- **Exercise goal**
The data below is to be written out exactly, with no pictures.

- **Recorded information**
- Opening Delimiter -

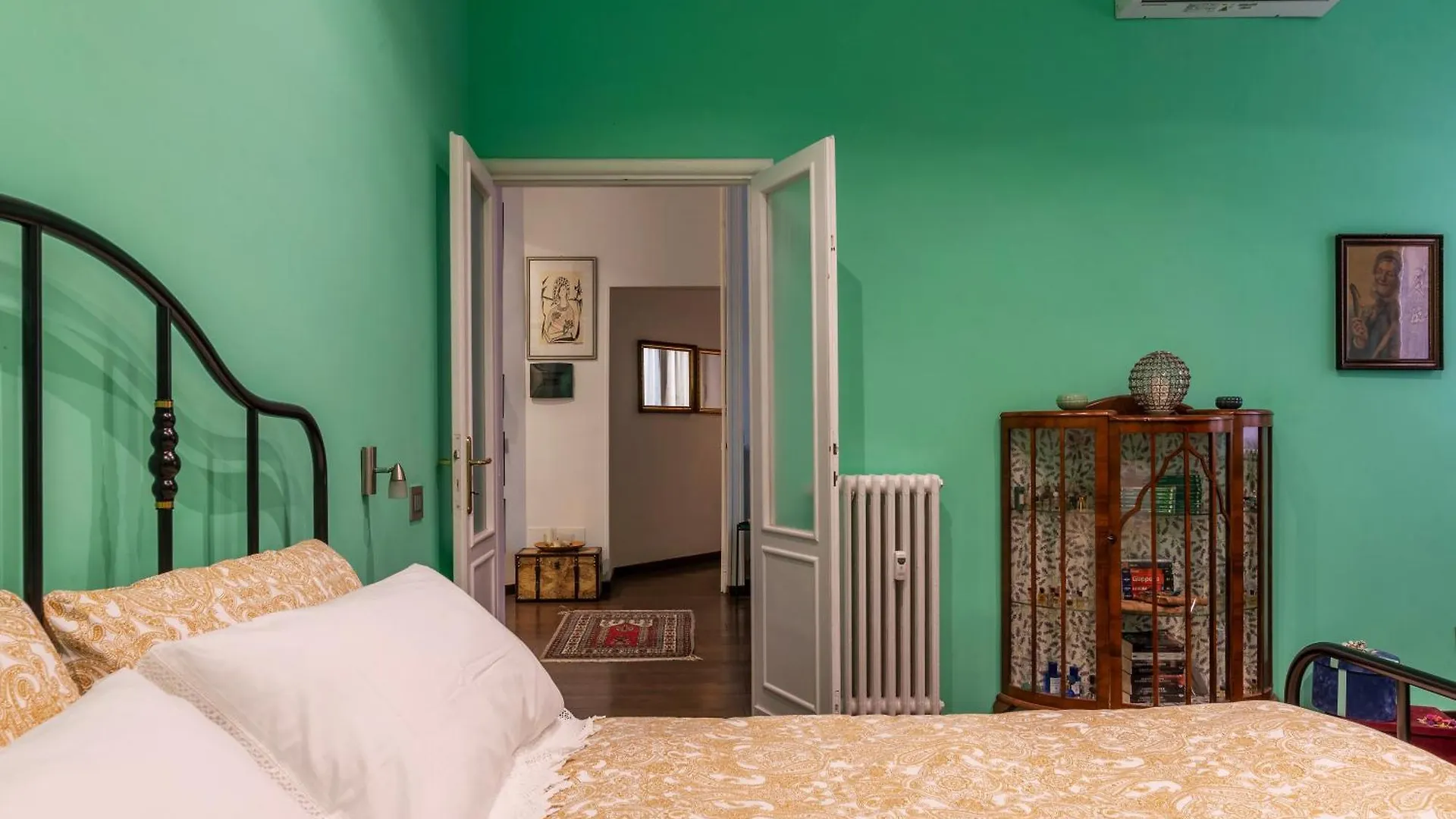 Piazza Di Roma Turquoise Apartment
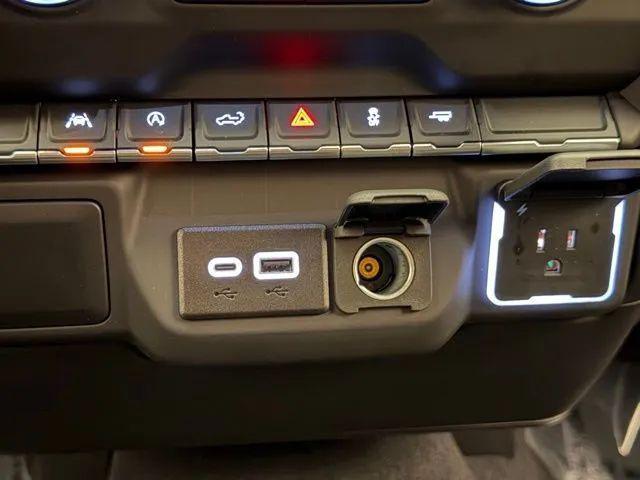 2025 Chevrolet Silverado 1500 2WD Crew Cab Short Bed Custom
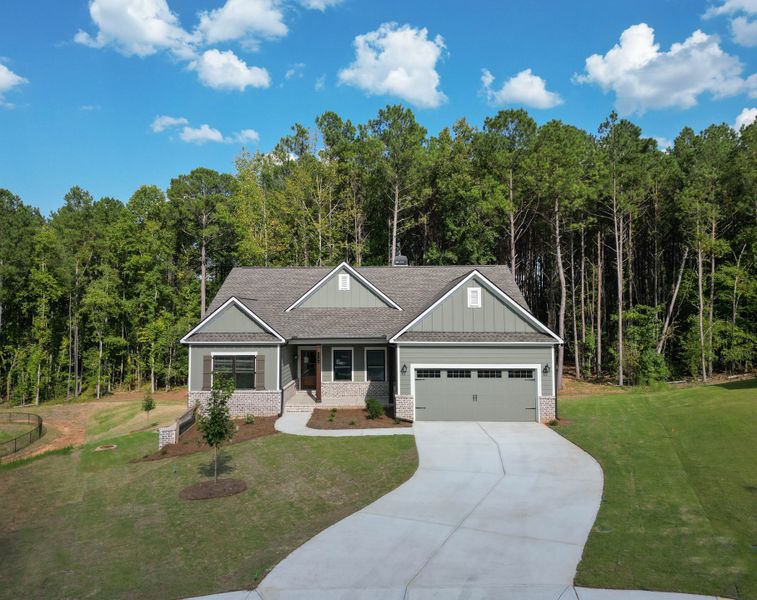 Front exterior of a home in the Red Oak Ridge community, located in Loganville, GA (Image 13). Front exterior of a home in the Red Oak Ridge community, located in Loganville, GA (Image 13).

- Closing Delimiter -

- **Exercise answer**
 Piazza Di Roma Turquoise Apartment
 2025 Chevrolet Silverado 1500 2WD Crew Cab Short Bed Custom
 Front exterior of a home in the Red Oak Ridge community, located in Loganville, GA (Image 13). Front exterior of a home in the Red Oak Ridge community, located in Loganville, GA (Image 13).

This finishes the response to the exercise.